Kumluca’daki seralarda bir gerçekle yüzleşiyoruz; çiftçi yaşlanıyor, genç nesil tarlayı terk ediyor. Türkiye Ziraat Odaları Birliği’nin verileri çarpıcı... Çiftçilerimizin yaş ortalaması 59’a yükseldi. Daha da endişe verici olan, 18-32 yaş arası genç çiftçilerin oranının sadece yüzde 5 olması. Kumluca, Demre, Serik’te seraların çoğunu artık 50 yaş üstü üreticiler işletiyor. Gençler İstanbul’da, Ankara’da iş arıyor. Sera toprağında ter dökmeyi kimse hayalinde görmüyor.

Sorun sadece demografik değil, ekonomik de. İhracat rakamları kaygı verici. Batı Akdeniz İhracatçılar Birliği verilerine göre, 2024’ün ilk 10 ayında yaş meyve sebze ihracatımız geçen yıla göre yüzde 10 geriledi. Rakiplerimiz hızla ilerliyor. Hollanda otomasyonla verimliliği ikiye katladı, İspanya cam sera teknolojilerinde çığır açtı, Fas ucuz işgücü ve modern altyapıyla Avrupa pazarından pay kapıyor.

Üreticinin sırtındaki yük ise her geçen gün ağırlaşıyor. Gübre fiyatları 2021’den beri tırmanışta. Türkiye Ziraat Odaları Birliği’nin verilerine göre, gübre fiyatları her geçen gün zamlanıyor. Son bir yılda DAP gübresi yüzde 19,8, üre gübresi yüzde 7,2 oranında arttı. Mazot, elektrik, sera örtü malzemeleri… Maliyetler göğe fırladı. Çiftçi üretse zarar ediyor, üretmese borca batıyor.

Karanlık tablonun içinde umut ışıkları da parlıyor. Antalya’da teknolojiye yatırım yapan üreticiler oyunun kurallarını değiştiriyor. Akıllı sera sistemlerine geçenler, sensörlerle otomatik sulama ve gübreleme, toprak nem ölçümü, iklim kontrol sistemleri kuruyor. Dronlarla yapılan tarla takibi, bitki gelişimini milimetrik hassasiyetle izliyor. Büyük veri analitiği sayesinde hastalıklar ortaya çıkmadan tespit ediliyor. Sonuçlar somut: Su ve gübre tüketimi yüzde 30-40 azalıyor, verim yüzde 20-25 artıyor.
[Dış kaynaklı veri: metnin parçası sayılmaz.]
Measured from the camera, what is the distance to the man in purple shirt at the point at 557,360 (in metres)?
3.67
Organik üretim de yeni fırsatlar sunuyor. AB sertifikalı organik domates üreten Demre’deki bazı üreticiler, kilogram fiyatını konvansiyonel ürüne göre iki katına çıkardı. Avrupa marketlerinde Antalya organik domatesi premium ürün sayılıyor. Almanya ve Hollanda’dan gelen siparişler yüzde 70-80 daha fazla fiyat getiriyor.
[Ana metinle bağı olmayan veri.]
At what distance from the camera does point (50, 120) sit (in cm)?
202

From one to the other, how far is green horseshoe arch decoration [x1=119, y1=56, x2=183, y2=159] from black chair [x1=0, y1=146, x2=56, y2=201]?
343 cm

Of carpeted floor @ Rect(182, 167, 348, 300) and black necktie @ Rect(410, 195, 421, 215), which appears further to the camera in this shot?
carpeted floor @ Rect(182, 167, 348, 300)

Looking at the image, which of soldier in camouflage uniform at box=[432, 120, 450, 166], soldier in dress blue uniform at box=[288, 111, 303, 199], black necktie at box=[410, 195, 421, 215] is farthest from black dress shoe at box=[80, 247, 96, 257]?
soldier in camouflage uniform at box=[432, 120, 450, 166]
Devlet desteği de somutlaştı. Tarım Bakanlığı’nın programında modern sera tesisleri için yüzde 30 ila 50 faiz indirimi var. Jeotermal kaynaklı sera projelerine özel hibe paketi hazırlandı. Genç çiftçilere 3 milyon liraya kadar kredi, 2 yıl anapara ödemesiz sunuluyor.

Antalya’nın toprağı, iklimi ve yarım asırlık seracılık bilgisi hâlâ rakipsiz. 320 gün güneş, ılıman kış, denize yakınlık… Bu avantajlar kaybolmadı. Şimdi yapılması gereken, bu birikime teknoloji ve sürdürülebilirliği eklemek. Gençlere düzenli gelir, sosyal güvence ve geleceğe dair somut umut sunmak gerek.

Seracılıkta yeni dönem başlıyor. Düğmeye basıldığında iklimi kontrol eden, verileri anlayıp karar veren, dünya pazarlarına doğrudan ulaşan bir model kuruluyor. Antalya bu dönüşümü başarırsa hem gençleri tarlaya döndürebilir hem de kaybettiği ihracat gücünü geri kazanabilir. Zaman daralıyor, tercih zamanı geldi.